Heights of father and son pairs plotted against each other.

The scatter plot shows a general trend: the taller the father, the taller the son. A summary of this trend is the correlation coefficient, which in this cases is 0.5. We will motivate this statistic by trying to predict the son’s height using the father’s height.

Stratification

Suppose we are asked to guess the height of randomly select sons. The average height, 68.7 inches, is the value with the highest proportion (see histogram) and would be our prediction. But what if we are told that the father is 72 inches tall, do we sill guess 68.7?

The father is taller than average. Specifically, he is 1.75 standard deviations taller than the average father. So should we predict that the son is also 1.75 standard deviations taller? It turns out that this would be an overestimate. To see this, we look at all the sons with fathers who are about 72 inches. We do this by stratifying the father heights.

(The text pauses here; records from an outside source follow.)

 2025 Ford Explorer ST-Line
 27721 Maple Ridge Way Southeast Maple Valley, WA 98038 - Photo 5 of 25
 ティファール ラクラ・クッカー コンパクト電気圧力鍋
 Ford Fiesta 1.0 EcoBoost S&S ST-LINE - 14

groups <- split(y,round(x)) 
boxplot(groups)

Boxplot of son heights stratified by father heights.

print(mean(y[ round(x) == 72]))

## [1] 70.67719

Stratification followed by boxplots lets us see the distribution of each group. The average height of sons with fathers that are 72 inches tall is 70.7 inches. We also see that the medians of the strata appear to follow a straight line (remember the middle line in the boxplot shows the median, not the mean). This line is similar to the regression line, with a slope that is related to the correlation, as we will learn below.

Bi-variate Normal Distribution

A pair of random variables $(X,Y)$ is considered to be approximated by bivariate normal when the proportion of values below, for example $a$ and $b$ , is approximated by this expression:

$\mbox{Pr}(X<a,Y<b) =$ $\int_{-\infty}^{a} \int_{-\infty}^{b} \frac{1}{2\pi\sigma_x\sigma_y\sqrt{1-\rho^2}} \exp{ \left( \frac{1}{2(1-\rho^2)} \left[\left(\frac{x-\mu_x}{\sigma_x}\right)^2 - 2\rho\left(\frac{x-\mu_x}{\sigma_x}\right)\left(\frac{y-\mu_y}{\sigma_y}\right)+ \left(\frac{y-\mu_y}{\sigma_y}\right)^2 \right] \right) }$

This may seem like a rather complicated equation, but the concept behind it is rather intuitive. An alternative definition is the following: fix a value $x$ and look at all the pairs $(X,Y)$ for which $X=x$ . Generally, in statistics we call this exercise conditioning. We are conditioning $Y$ on $X$ . If a pair of random variables is approximated by a bivariate normal distribution, then the distribution of $Y$ conditioned on $X=x$ is approximated with a normal distribution, no matter what $x$ we choose. Let’s see if this holds with our height data. We show 4 different strata:

groups <- split(y,round(x)) 
mypar(2,2)
for(i in c(5,8,11,14)){
  qqnorm(groups[[i]],main=paste0("X=",names(groups)[i]," strata"),
         ylim=range(y),xlim=c(-2.5,2.5))
  qqline(groups[[i]])
}

qqplots of son heights for four strata defined by father heights.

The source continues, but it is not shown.